In Lodash’s case, the newly formed and funded TSC represents some of the first cracks in the ice in how the JavaScript ecosystem treats foundational dependencies.

“I would say it is still a fragile and incomplete shift,” Gascón said when asked whether Lodash reflects a larger trend. “What is changing is that institutions are starting to recognize that some projects are infrastructure, not products. They need governance, funding, and long-term stewardship, not just maintainers working in their spare time.”

While the OpenJS Foundation hosts and benefits many widely used JavaScript projects, the Lodash funding and governance reboot is one of the earliest instances in the ecosystem where public funding has been explicitly tied to long-term security processes and maintenance infrastructure for a single, widely depended-upon library.

“The code itself was never the main problem," Gascón said. "The problem was that something used by millions of systems had no organizational backbone.”

Socket engineer Jordan Harband, who also serves as a Lodash TSC member, echoed that concern.

“Some wanted lodash to be ‘shut down’ or sunset, but those of us in OpenJS were painfully aware that you can’t just ‘disappear’ a third party dependency,” Harband said. “We felt that the only way to maximize the chances of lodash users not being stranded on an unsupported, insecure project was to ensure lodash continues as a sustainable effort moving forward.”
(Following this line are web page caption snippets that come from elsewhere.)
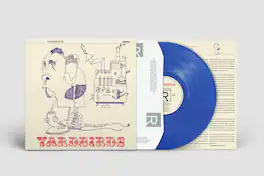 The Yardbirds - Roger The Engineer: Mono Mix - Transparent Blue Vinyl - VINYL LP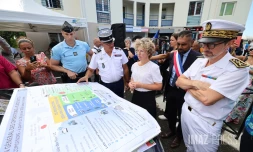 Marie Guévenoux à Bras Fusil 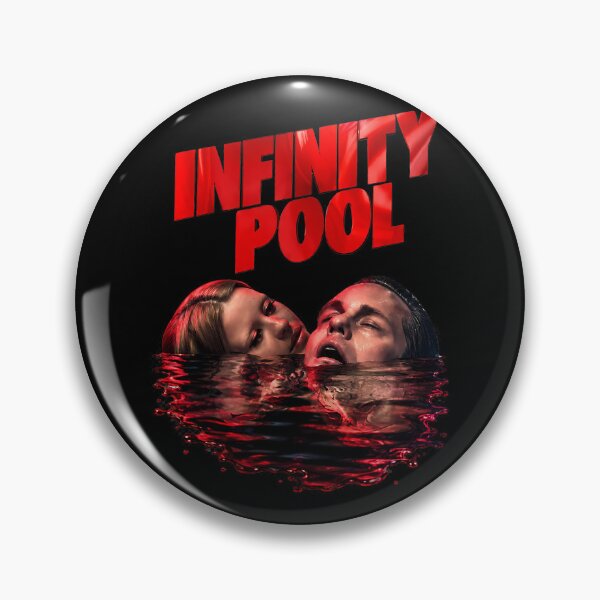 Item preview, INFINITY POOL designed and sold by burrito-site.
A Smaller, More Sustainable Future#

Looking ahead, the Lodash roadmap prioritizes stability and sustainability over expansion. The goal is not to make Lodash more ambitious, but more maintainable.

Near-term work centers on simplifying Lodash’s internals by leaning more on native JavaScript, while preserving the APIs developers rely on. As modern engines absorb functionality Lodash once had to provide itself, the library can stay efficient without introducing breaking changes.
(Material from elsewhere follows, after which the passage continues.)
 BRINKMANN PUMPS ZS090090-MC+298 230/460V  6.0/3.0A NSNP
Longer-term plans include moving past legacy runtime support and reducing fragmentation across Lodash’s many variants, focusing maintenance effort on a smaller, more coherent core.

Harband described plans for a new major release paired with significant consolidation.

“We plan to have a new major release, combined with an aggressive pruning of APIs that have modern solutions (and migration tools, such as codemods, to help with that), so that lodash is smaller and easier to maintain, and fewer people will need lodash in their applications.”

For Gascón, success looks less like visible milestones and more like quiet reliability. “Success for me is mostly invisible. Fewer security surprises, predictable releases, more contributors able to review and merge changes, and no single person feeling indispensable.”

That philosophy also shapes how the team is thinking about deprecations and consolidation.

“Supporting obsolete runtimes is not neutral. It actively limits your ability to improve security and maintainability,” Gascón said. “Consolidation is controversial because it feels like loss, but fragmentation also has a cost.”

Socket engineer John-David Dalton, Lodash’s creator, emphasized that this approach aims to balance continuity with necessary change.

“The help around the project tech-debt (build system, CI, website, testing, publishing), and help around process (security review, cve creation and management) is very much welcomed,” Dalton said. “Having folks there to answer questions and double check and review has been critical to achieve movement in the project.”

Dalton also pushed back on the idea of sunsetting Lodash entirely, instead describing an approach focused on ongoing maintenance and gradual reduction of surface area.

“I think we’re on the right balance which is update so we can fix bugs and create releases, plan for deprecation of APIs/methods without turning off the lights completely. Smaller surface area as we progress is a win, having processes and mechanisms (that work) for releases is a win.”

Lodash 4.17.23 is not a return to rapid feature development. Instead, the project has re-entered a state where it can reliably respond to vulnerabilities, ship coordinated releases, and communicate clearly with users.

For a dependency that sits so deeply in the JavaScript supply chain, that shift matters far beyond a single CVE. It reflects a growing recognition that sustainability, governance, and security operations are not optional extras for widely used open source projects. They are the work.